*ABOUT THIS EXERCISE*
Using the data below, transcribe exactly everything from the line that contains "2025 Ford Escape Plug-In Hybrid Phev 4DR SUV" down to the line that contains "Bouton Eco-Fleurette 12 mm". Include both of those lines and none of the pictures.

*SUPPLIED RECORDS*
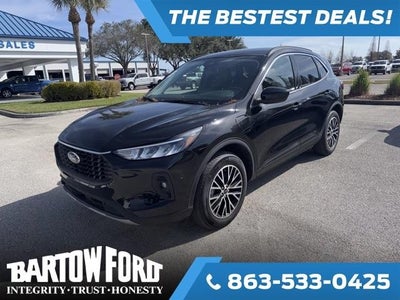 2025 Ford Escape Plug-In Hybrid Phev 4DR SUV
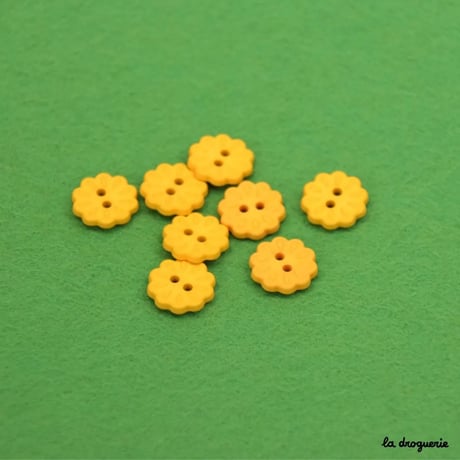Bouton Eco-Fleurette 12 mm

==

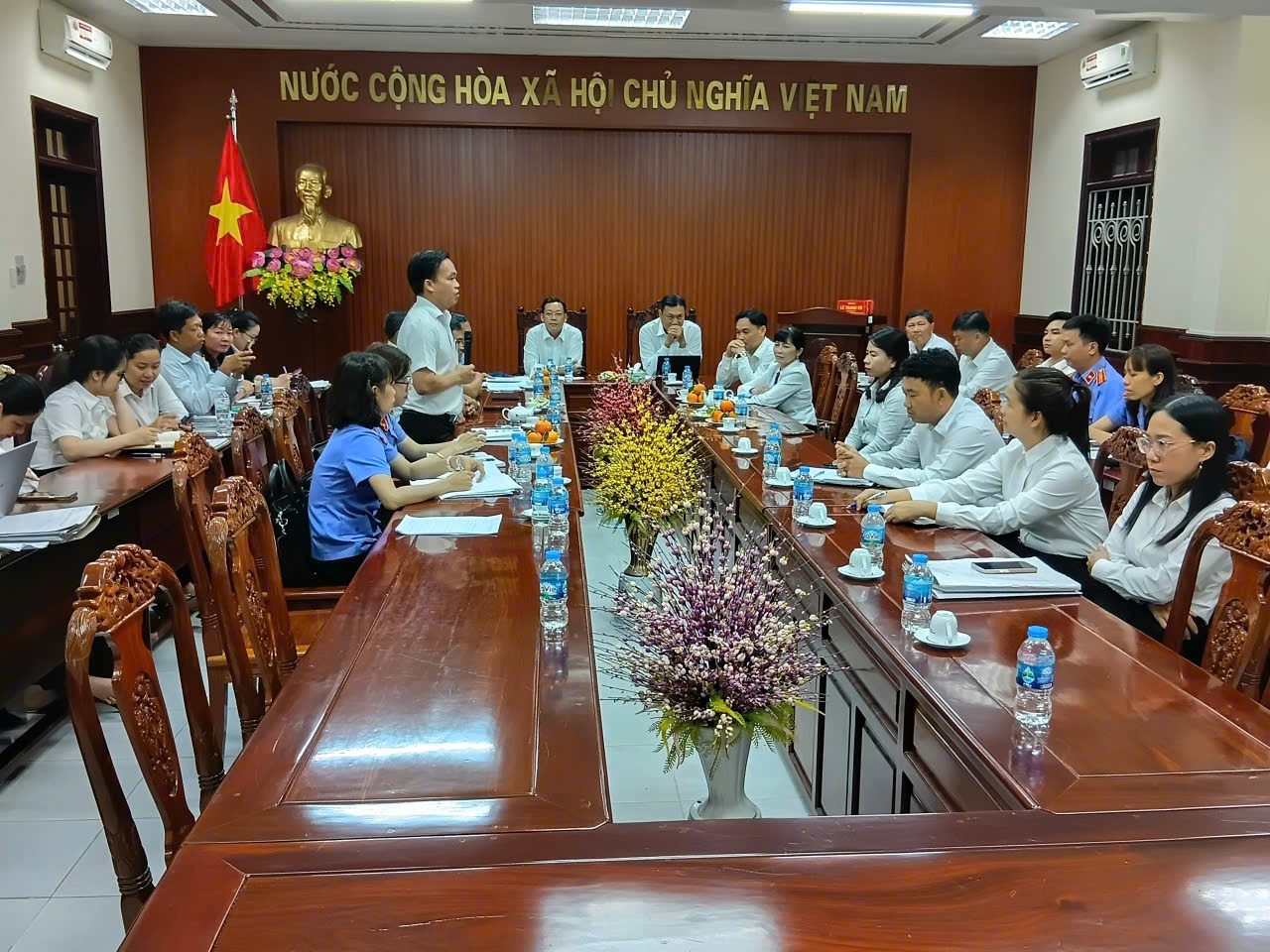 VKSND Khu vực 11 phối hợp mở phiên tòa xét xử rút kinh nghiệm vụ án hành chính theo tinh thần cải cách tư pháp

*RESULT*
 2025 Ford Escape Plug-In Hybrid Phev 4DR SUV
Bouton Eco-Fleurette 12 mm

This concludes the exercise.